# Training in Simulation (Part 2)
## Recap
1. Training a neural network to model the nominal dynamics is equivalent to training a neural network $r_{\theta}$ such that
\begin{align*}
\mathbf{f}_{\text{ext}}(t) = \underbrace{\textbf{a}(t) - \textbf{u}(t)}_{\text{ideal}} - \underbrace{\textbf{r}_{\theta}(v(t))}_{\text{residual}}.
\end{align*} Recall that $r_{\theta} = \frac{d}{dt} f_{\theta}(\textbf{v}(t))$. In our "naive" approach, we take $\textbf{r}_{\theta}(v(t)) = [0, 0, -g]^T$.
2. One issue with this model is that we need the non drone-drone forces to have mean zero in our training dataset: \begin{align*} \mathbf{f}_{\text{ext}}^{(i)} = \underbrace{\phi^{\star}\left( \bigcup_{j \in \mathcal{N}^{(i)}} \mathbf{x}^{(i)} - \mathbf{x}^{(j)}\right)}_{\text{drone-drone forces}} + \underbrace{\boldsymbol{\varepsilon}}_{\text{other forces}}, \quad \mathbb{E}[\boldsymbol{\varepsilon}] = \mathbf{0}. \end{align*}
## Simulation Results
We visualize the curriculum learning procedure.
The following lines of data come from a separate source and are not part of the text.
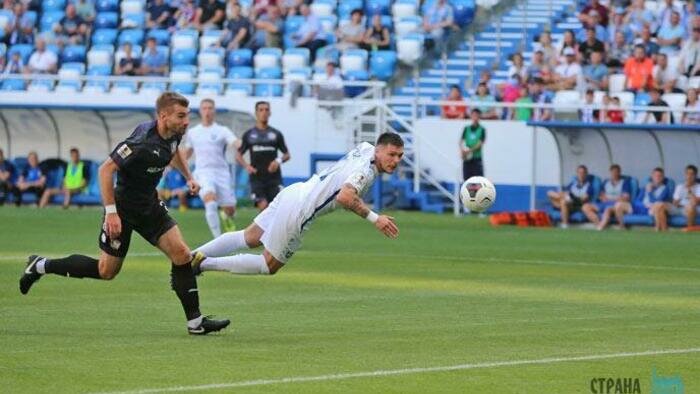 Премьер-лига не светит... 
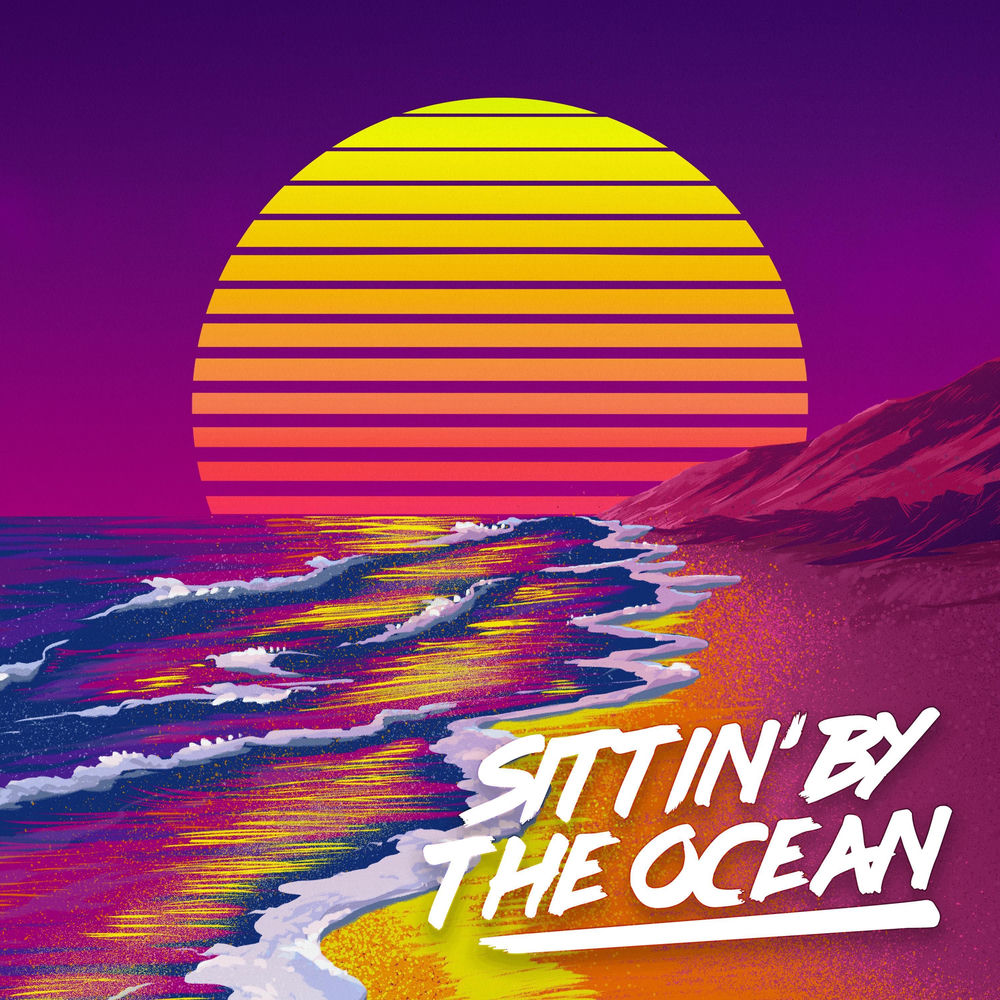 Sittin’ By The Ocean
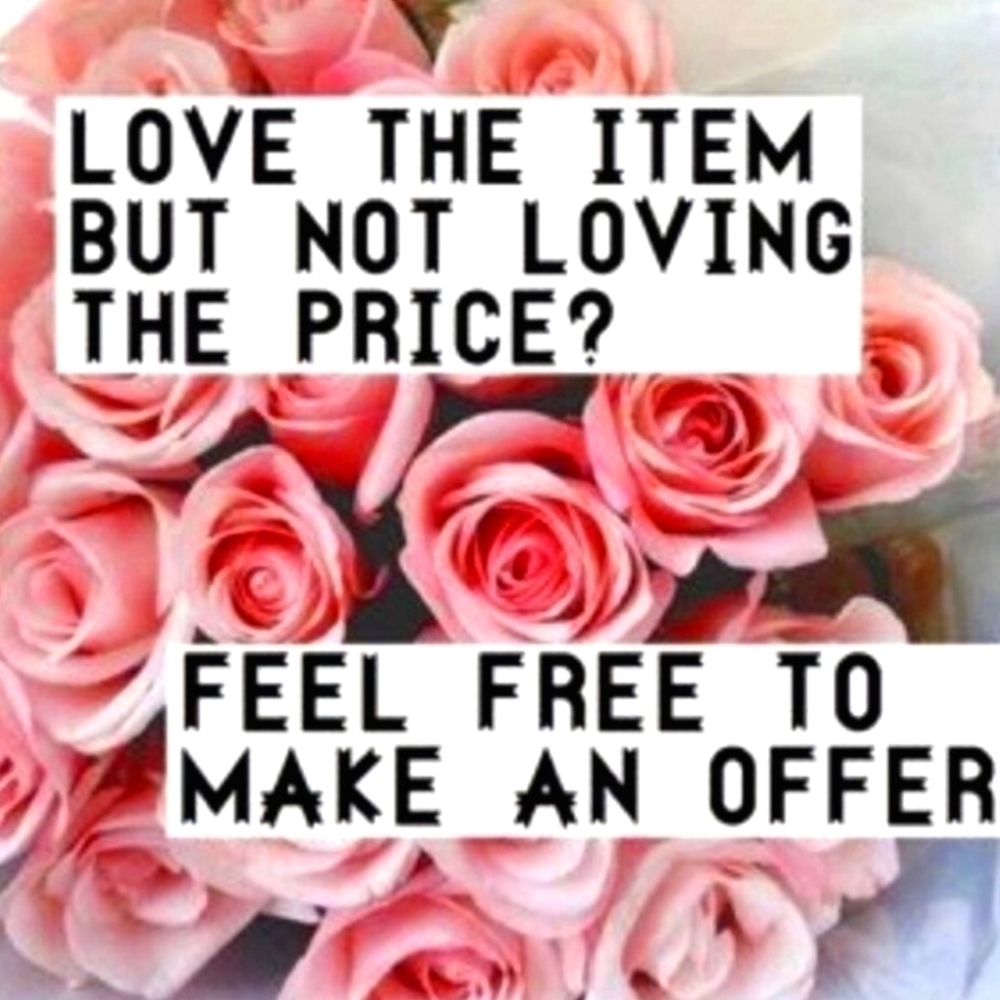 LIKE THE ITEM, BUT NOT THE PRICE? THEN TRY SHOP, LIKE, MAKE ME AN OFFER!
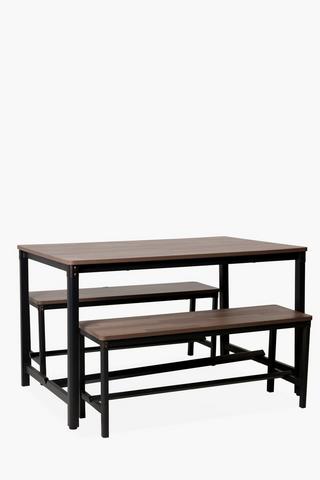 Table And Bench Set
As we iteratively augment our training dataset, the learned force function should get more and more accurate.
Here, we are learning the force in the 'd' direction, $\mathbf{f}_z$, as a function of the two drones' relative position.
### Learned Force Function
#### Stage 1 ($\Delta p = -2m$)

Force estimates are very small for $\Delta p > -2m$. Suggests we need more training data to accurately learn the (true) force function.
However, we can fly our drone accurately at $\Delta p = -2m$ (see video Jan sent).
#### Stage 2 ($\Delta p = -1.5m$)

#### Stage 3 ($\Delta p = -1m$)

#### Stage 4 ($\Delta p = -0.5m$)



What is the issue with our previous training procedure? We use the mean-square error. This implies that we give more weight to accurately predicting large forces.
Instead, try using the loss function
\begin{align*}
L(\theta) :=\sum_{t=1}^T \sum_{i=1}^N \frac{1}{\left\Vert \mathbf{f}_t^{(i)} \right\Vert_2}\left\Vert \phi_{\theta}\left( \bigcup_{j \in \mathcal{N}_t^{(i)}} \mathbf{x}_t^{(j)} - \mathbf{x}_t^{(i)} \mathbf{}\right) - \mathbf{f}_t^{(i)}\right\Vert_2
\end{align*}
where $N$ is the number of drones and $t$ is the number of training samples. The important thing is that we are normalizing by the $\ell^2$ norm of the force labels $\mathbf{f}_t^{(i)}$.






## Force Compensation Model (Deployed in Simulation)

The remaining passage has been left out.